◆ **Problem details**
All lines below must be repeated exactly, with the pictures omitted.

◆ **Working data**
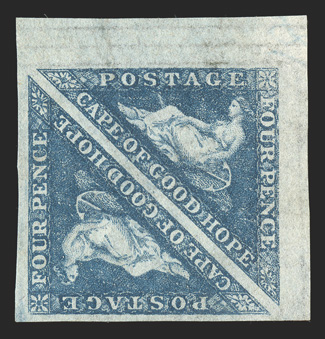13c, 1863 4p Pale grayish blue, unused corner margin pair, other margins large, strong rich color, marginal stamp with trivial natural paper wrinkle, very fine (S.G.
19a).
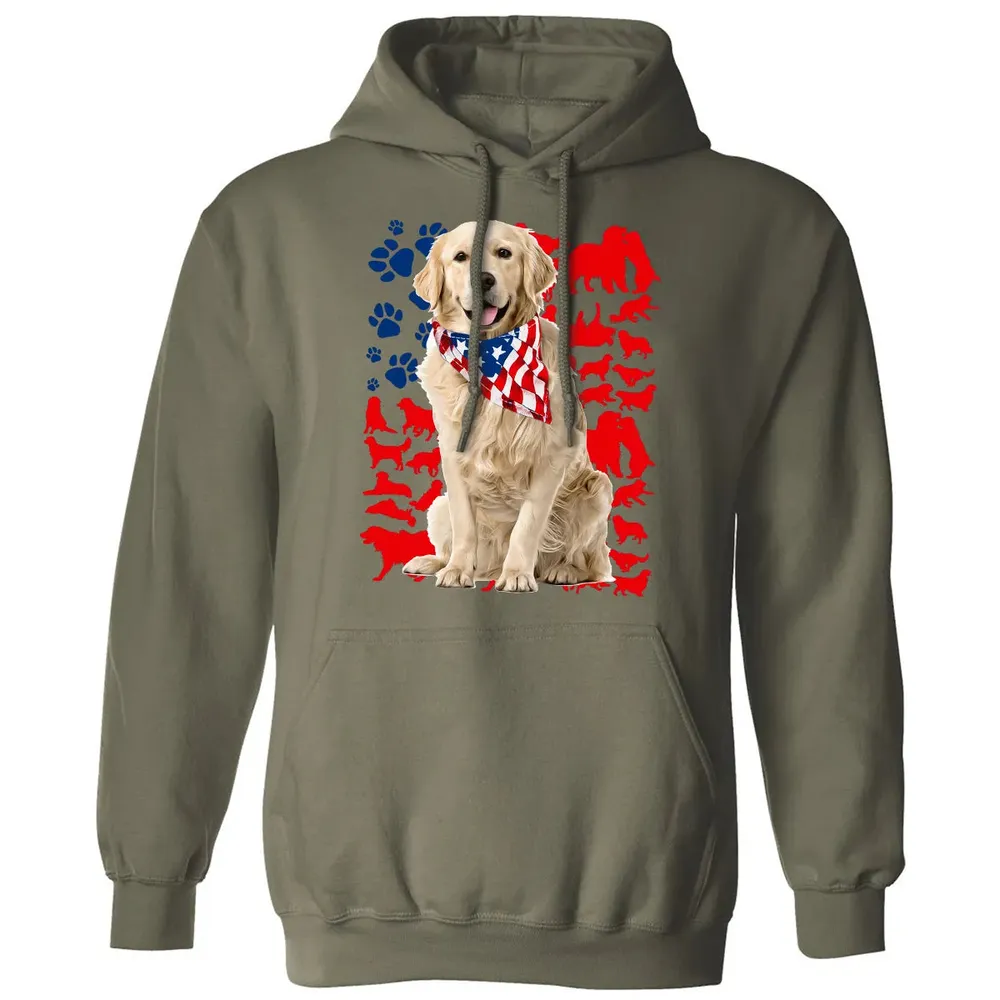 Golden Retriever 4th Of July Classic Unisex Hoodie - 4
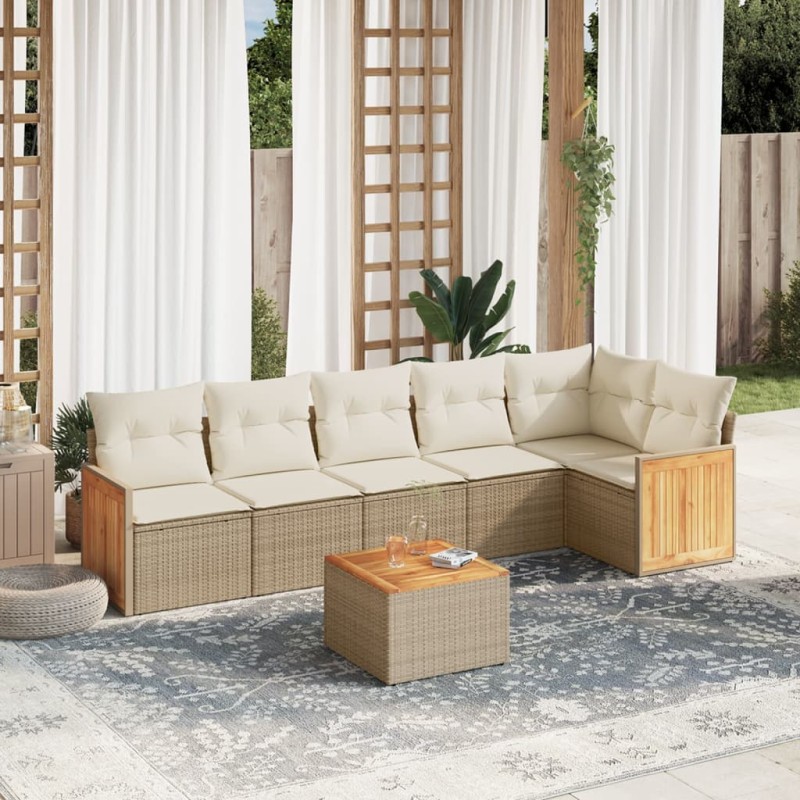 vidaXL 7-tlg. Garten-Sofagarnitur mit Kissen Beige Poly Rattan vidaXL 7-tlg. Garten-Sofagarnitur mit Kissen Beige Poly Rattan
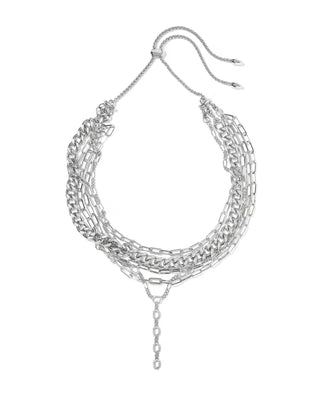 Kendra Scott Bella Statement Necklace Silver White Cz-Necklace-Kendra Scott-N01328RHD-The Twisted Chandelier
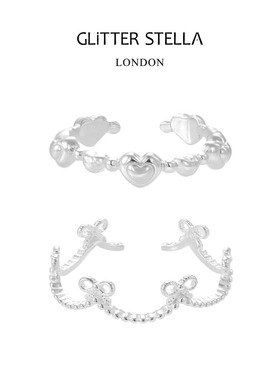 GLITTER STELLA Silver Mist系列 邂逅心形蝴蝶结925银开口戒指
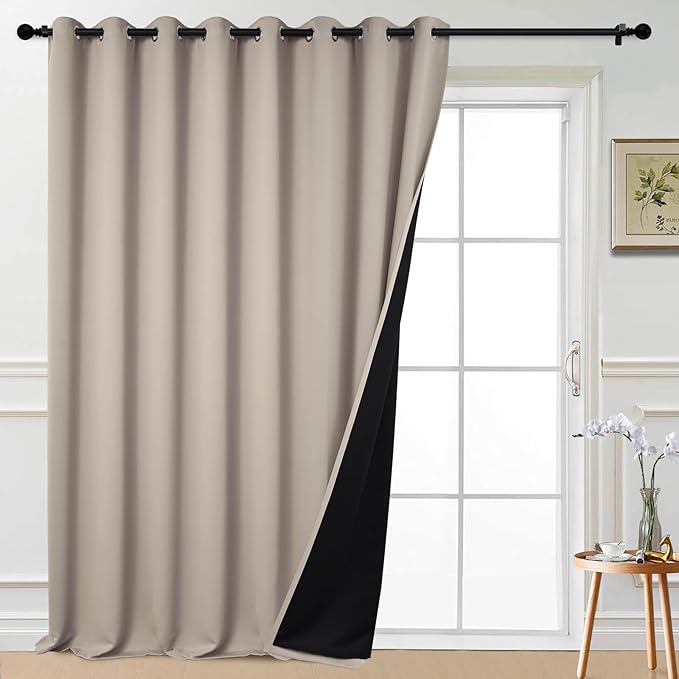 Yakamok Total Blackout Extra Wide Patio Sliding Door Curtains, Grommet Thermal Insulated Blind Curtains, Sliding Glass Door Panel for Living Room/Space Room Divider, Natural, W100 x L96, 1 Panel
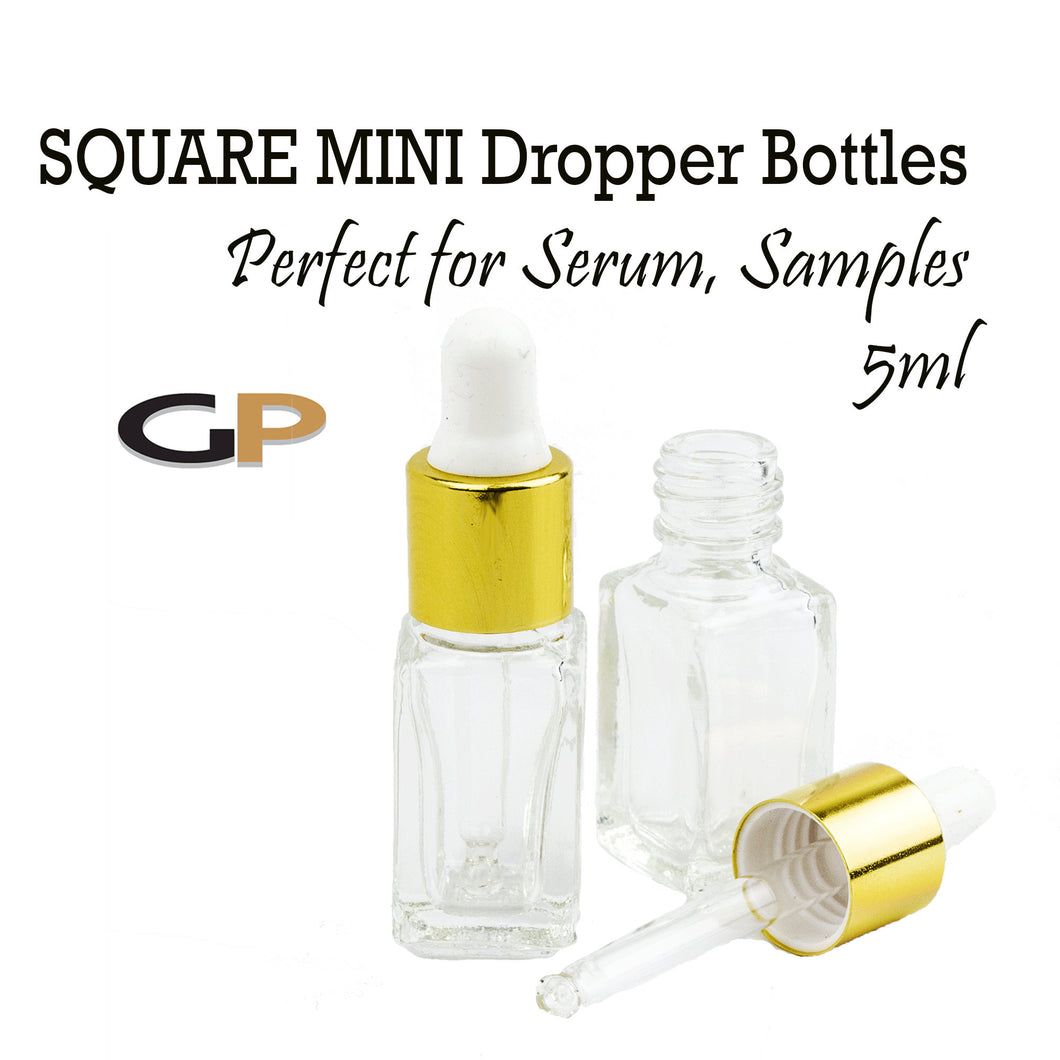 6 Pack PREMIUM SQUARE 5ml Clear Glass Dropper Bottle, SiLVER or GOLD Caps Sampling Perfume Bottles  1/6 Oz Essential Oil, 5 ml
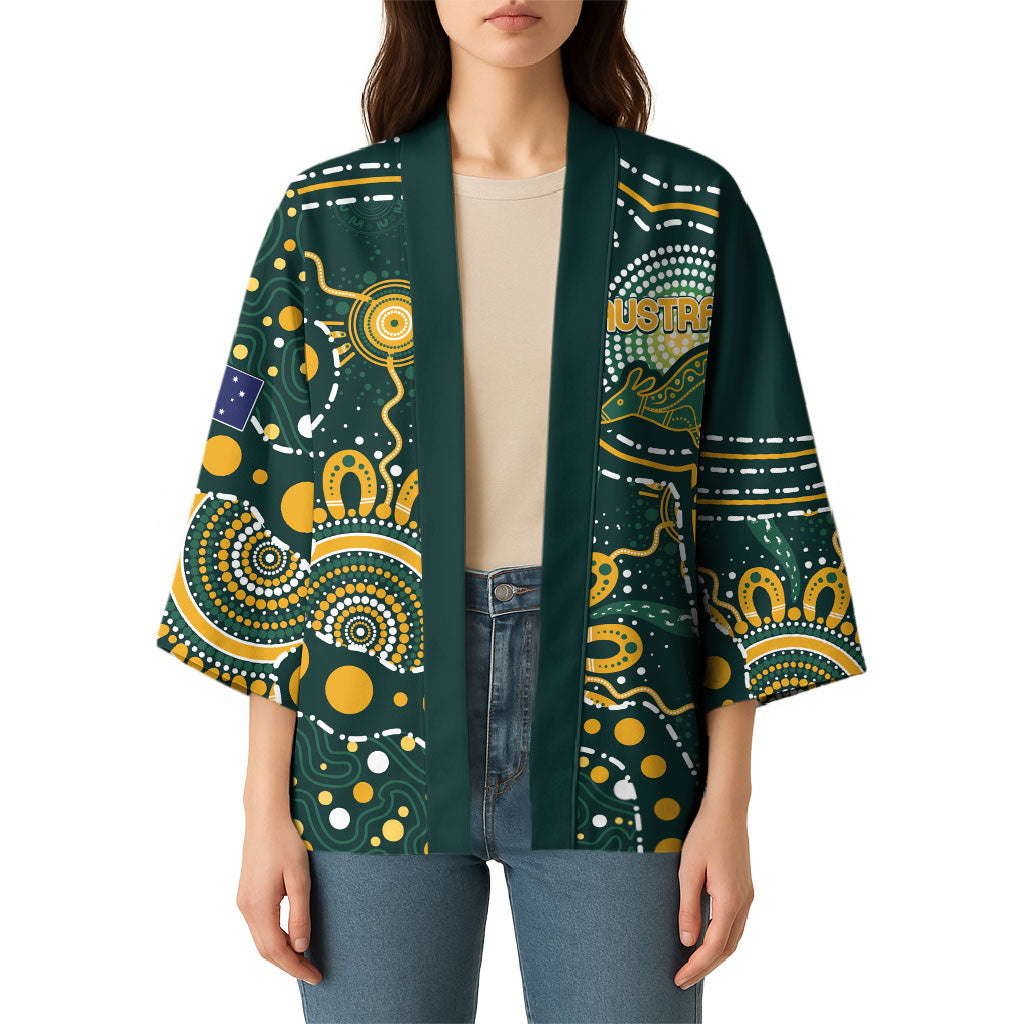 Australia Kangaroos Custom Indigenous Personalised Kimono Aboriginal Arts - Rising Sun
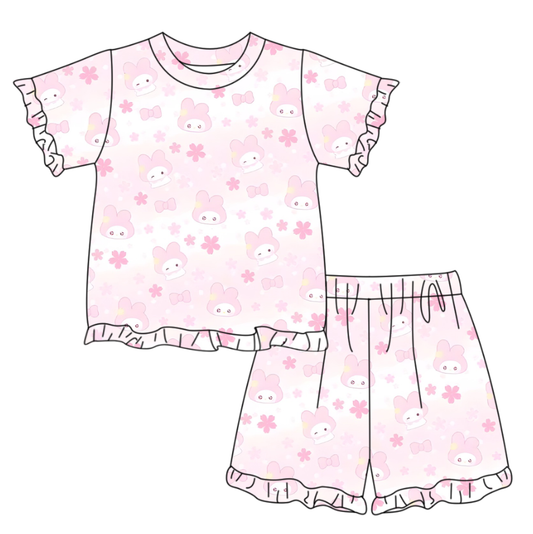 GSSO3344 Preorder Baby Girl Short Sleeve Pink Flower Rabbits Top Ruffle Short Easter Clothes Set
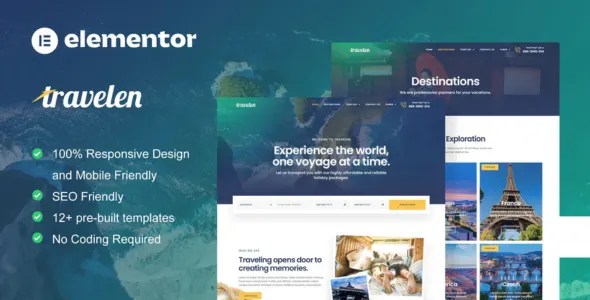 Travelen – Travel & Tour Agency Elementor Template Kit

◆ **Answer to this exercise**
13c, 1863 4p Pale grayish blue, unused corner margin pair, other margins large, strong rich color, marginal stamp with trivial natural paper wrinkle, very fine (S.G.
19a).
 Golden Retriever 4th Of July Classic Unisex Hoodie - 4
 vidaXL 7-tlg. Garten-Sofagarnitur mit Kissen Beige Poly Rattan vidaXL 7-tlg. Garten-Sofagarnitur mit Kissen Beige Poly Rattan
 Kendra Scott Bella Statement Necklace Silver White Cz-Necklace-Kendra Scott-N01328RHD-The Twisted Chandelier
 GLITTER STELLA Silver Mist系列 邂逅心形蝴蝶结925银开口戒指
 Yakamok Total Blackout Extra Wide Patio Sliding Door Curtains, Grommet Thermal Insulated Blind Curtains, Sliding Glass Door Panel for Living Room/Space Room Divider, Natural, W100 x L96, 1 Panel
 6 Pack PREMIUM SQUARE 5ml Clear Glass Dropper Bottle, SiLVER or GOLD Caps Sampling Perfume Bottles  1/6 Oz Essential Oil, 5 ml
 Australia Kangaroos Custom Indigenous Personalised Kimono Aboriginal Arts - Rising Sun
 GSSO3344 Preorder Baby Girl Short Sleeve Pink Flower Rabbits Top Ruffle Short Easter Clothes Set
 Travelen – Travel & Tour Agency Elementor Template Kit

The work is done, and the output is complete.